Mestek, ML, Plaisance, EP, Ratcliff, LA, Taylor, JK, Wee, SO, Grandjean, PW
Medicine and science in sports and exercise. 2008;(12):2105-11
Abstract
INTRODUCTION It is currently unclear as to how exercise prescription variables influence attenuations of postprandial lipemia (PPL) in men with the metabolic syndrome (MetS) after exercise. Therefore, the purposes of this investigation were to compare the effects of low- and moderate-intensity exercise and accumulated versus continuous exercise on PPL in males with MetS. METHODS Fourteen males with MetS (waist circumference (WC) = 110.2 +/- 10.9 cm; triglycerides (TG) = 217 +/- 84 mg dL(-1); fasting blood glucose = 105 +/- 7 mg dL(-1); high-density lipoprotein cholesterol (HDL-C) = 44 +/- 7 mg dL(-1); systolic blood pressure (SBP) = 120 +/- 12 mm Hg; diastolic blood pressure (DBP) = 76 +/- 10 mm Hg) completed a control condition consisting of a high-fat meal and blood sampling at 2 h intervals for 6 h. Next, participants completed the following exercise conditions: 1) continuous moderate-intensity (MOD-1), 2) continuous low-intensity (LOW-1), and 3) two accumulated moderate-intensity sessions (MOD-2). The test meal and blood sampling were repeated 12-14 h after exercise. Area under the curve (AUC) scores and temporal postprandial responses were analyzed using repeated-measures ANOVA for TG and insulin. RESULTS The TG AUC decreased by 27% after LOW-1. TG concentrations were also reduced by 22% and 21% at 4 h postmeal after LOW-1 and MOD-1, yet TG parameters were no different from the control condition after MOD-2 (P < 0.05 for all).

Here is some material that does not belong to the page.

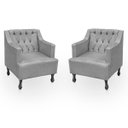 Ver imagem 1 de Kit 2 Poltronas para Sala de Estar Clássica Confortável e Reforçada Suede Elizabeth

CONCLUSION These findings indicate that 500 kcal of continuous aerobic exercise before a meal attenuates PPL in men with MetS. This outcome can be achieved through low- or moderate-intensity exercise performed in a single session. Accumulating moderate-intensity exercise does not appear to effectively modulate PPL in men with MetS.